*Aim of the task*. Leave out the pictures, then return the records word for word.

*Task inputs*.
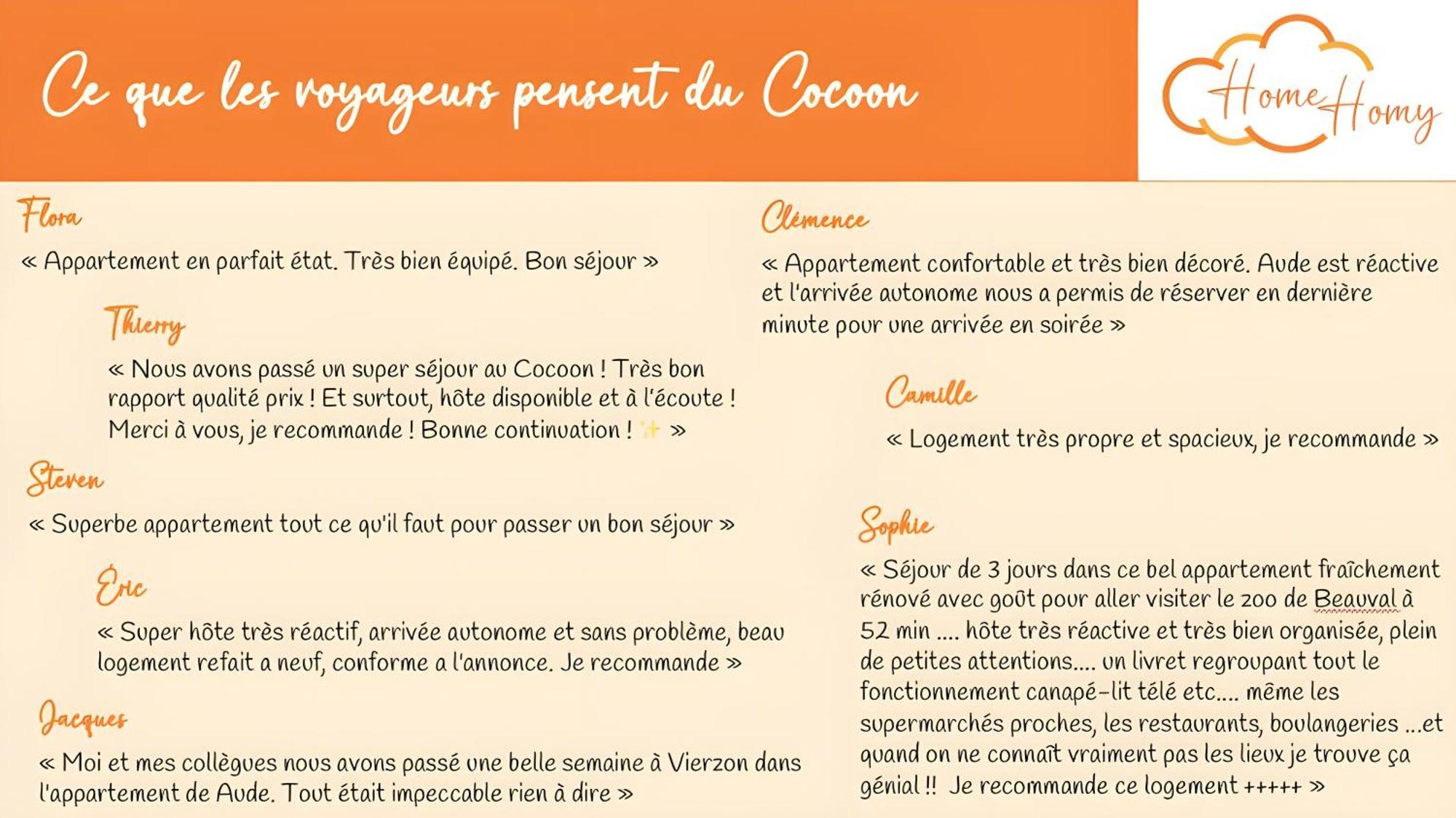 Le Cocoon - Home Homy Vierzon Exterior foto
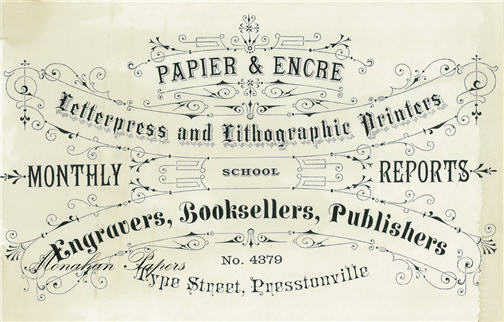 Decoupage Paper - Monahan Papers- SPS0388 Papier & Encre - 11x17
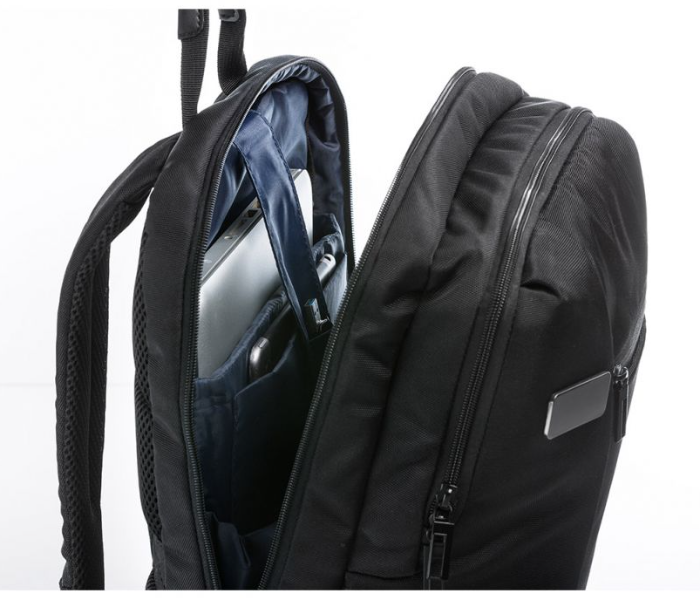 Generic MBXD1016 Laptop and Travel RFID Backpack - Black - Zoom Image 3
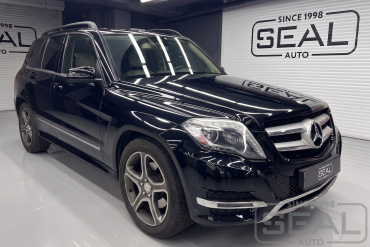 Mercedes GLK Перетяжка сиденья водителя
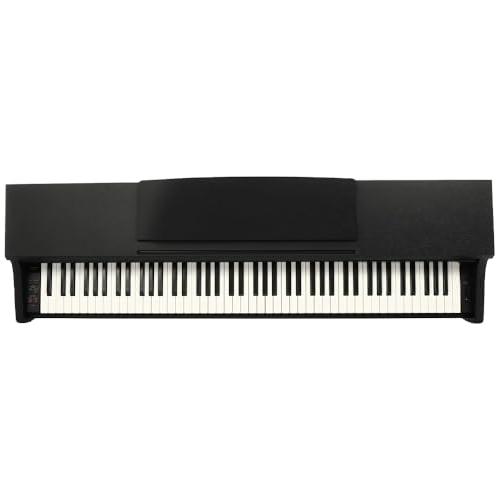 Kawai KDP75 Digital Piano in an Embossed Black Finish Bundle with Kawai F-10H Damper Pedal and Liquid Audio Polishing Cloth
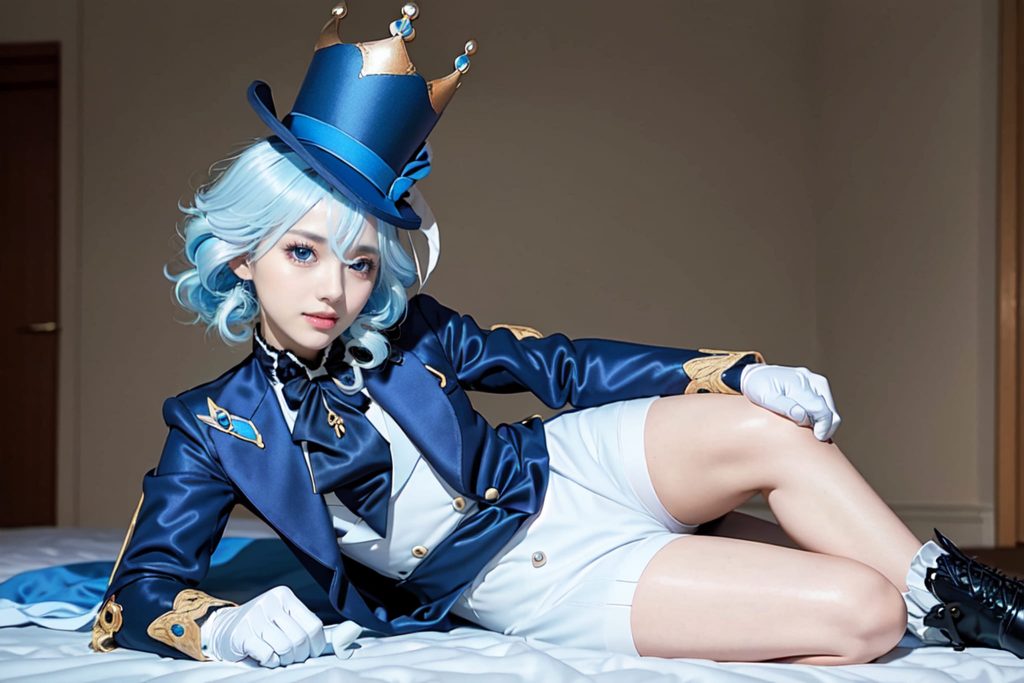 cosplay thuỷ thần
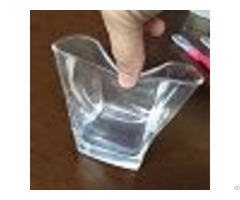 New Design Transparent Food Grade Silicone Baby Drinking Cup
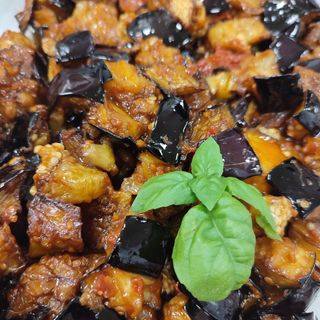 Melanzane a funghetto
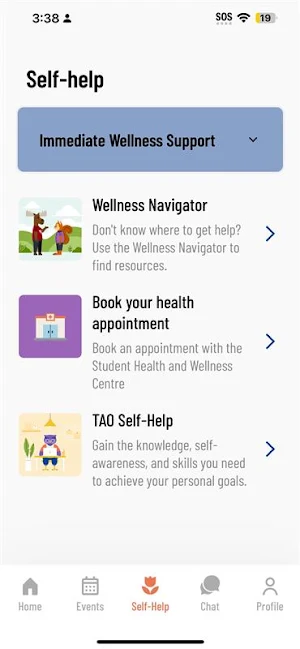 uoWellness Screenshot 1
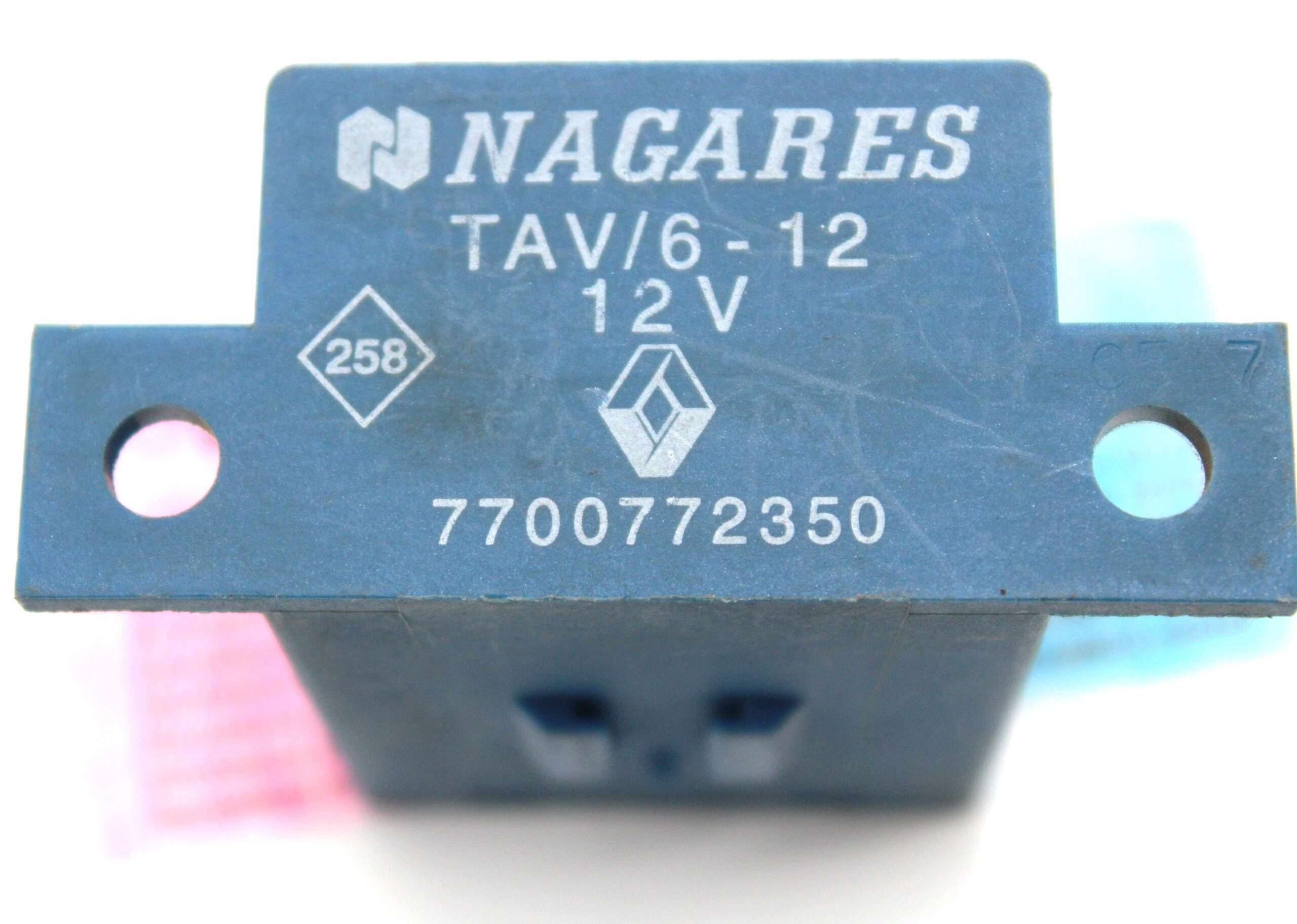 Relé Limpiaparabrisas Renault Clio NAGARES - foto 2
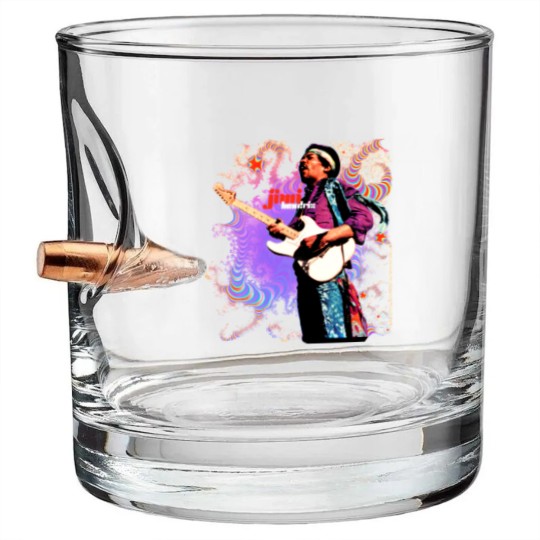 Discover Jimi Hendrix Bullet Whiskey Glasses, Jimi Hendrix Vintage Bullet Whiskey Glasses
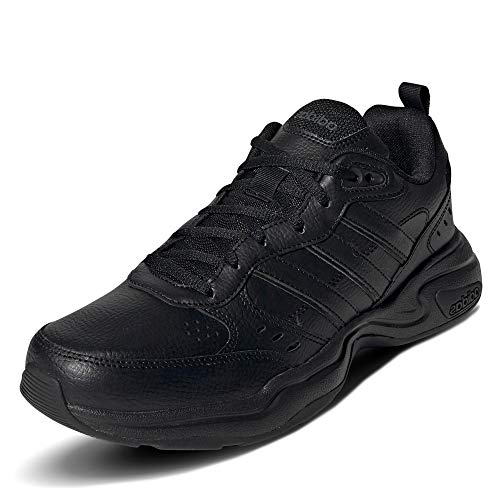 Adidas Strutter, Zapatillas Deportivas Fitness y Ejercicio Hombre, Noir Noir Gris Foncã, 42 EU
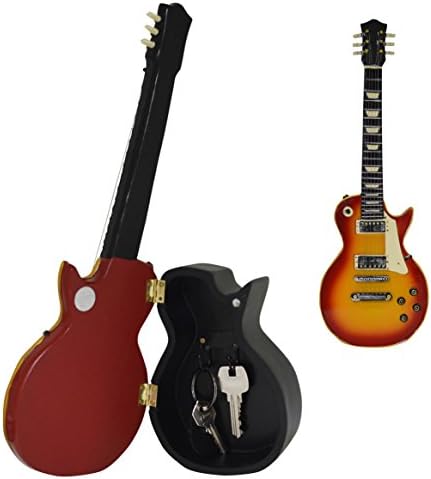 New Vintage Gibson Les Paul Cherry Sunburst Gloss Guitar Key Box (KB10)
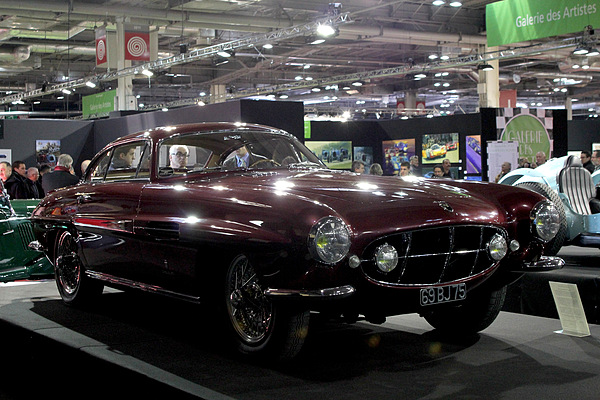 Jaguar XK 120 Ghia Supersonic (1952) - nur drei wurden gebaut (Rétromobile 2012)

*Finished exercise*.
 Le Cocoon - Home Homy Vierzon Exterior foto
 Decoupage Paper - Monahan Papers- SPS0388 Papier & Encre - 11x17
 Generic MBXD1016 Laptop and Travel RFID Backpack - Black - Zoom Image 3
 Mercedes GLK Перетяжка сиденья водителя
 Kawai KDP75 Digital Piano in an Embossed Black Finish Bundle with Kawai F-10H Damper Pedal and Liquid Audio Polishing Cloth
 cosplay thuỷ thần
 New Design Transparent Food Grade Silicone Baby Drinking Cup
 Melanzane a funghetto
 uoWellness Screenshot 1
 Relé Limpiaparabrisas Renault Clio NAGARES - foto 2
 Discover Jimi Hendrix Bullet Whiskey Glasses, Jimi Hendrix Vintage Bullet Whiskey Glasses
 Adidas Strutter, Zapatillas Deportivas Fitness y Ejercicio Hombre, Noir Noir Gris Foncã, 42 EU
 New Vintage Gibson Les Paul Cherry Sunburst Gloss Guitar Key Box (KB10)
 Jaguar XK 120 Ghia Supersonic (1952) - nur drei wurden gebaut (Rétromobile 2012)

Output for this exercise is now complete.